When you copy the material below, keep every line exact and drop the pictures.

[Information supplied]:
^^^^^^^^
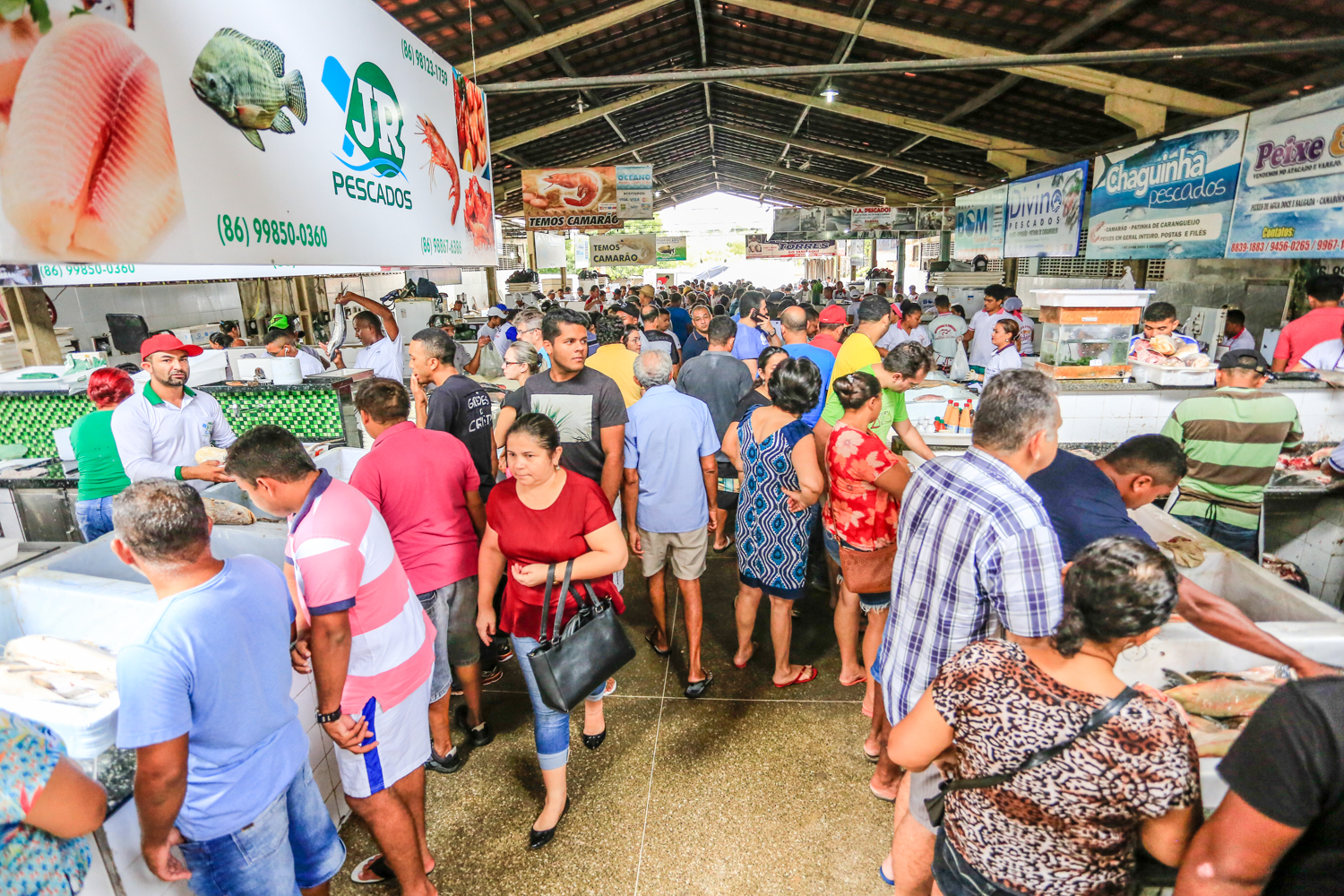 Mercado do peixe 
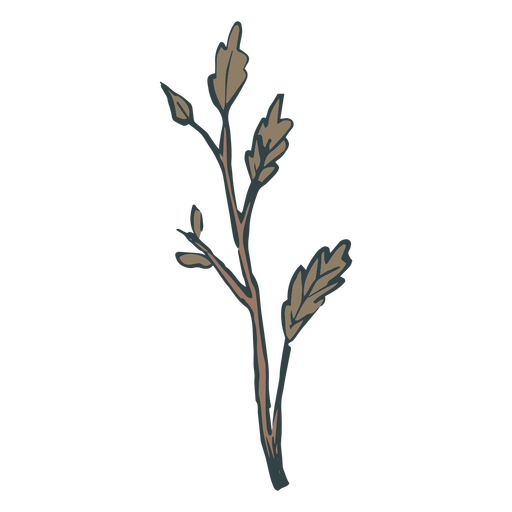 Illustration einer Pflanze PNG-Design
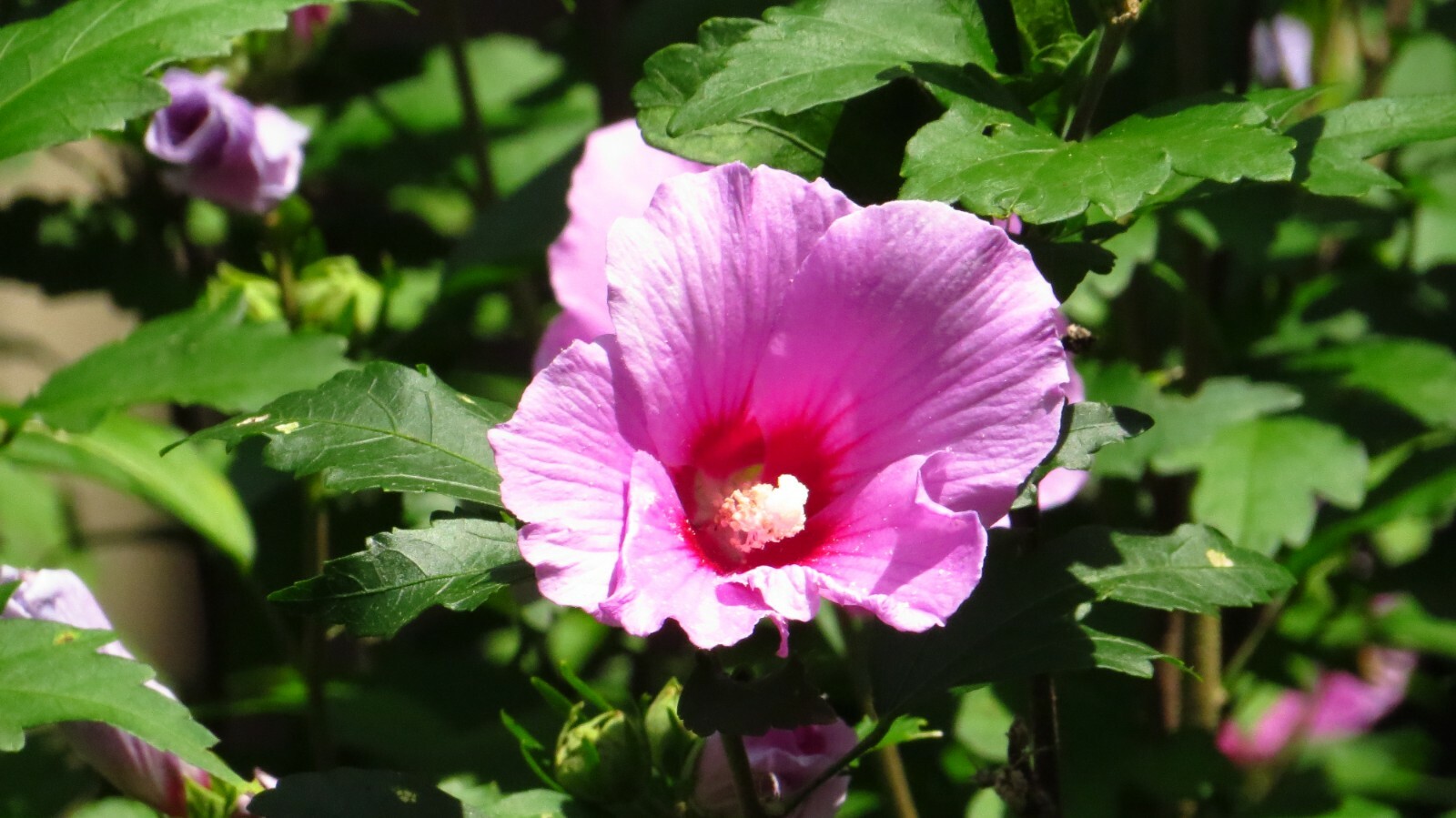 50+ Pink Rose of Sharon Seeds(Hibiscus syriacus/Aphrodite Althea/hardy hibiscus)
^^^^^^^^
[Solution for this exercise]:
 Mercado do peixe 
 Illustration einer Pflanze PNG-Design
 50+ Pink Rose of Sharon Seeds(Hibiscus syriacus/Aphrodite Althea/hardy hibiscus)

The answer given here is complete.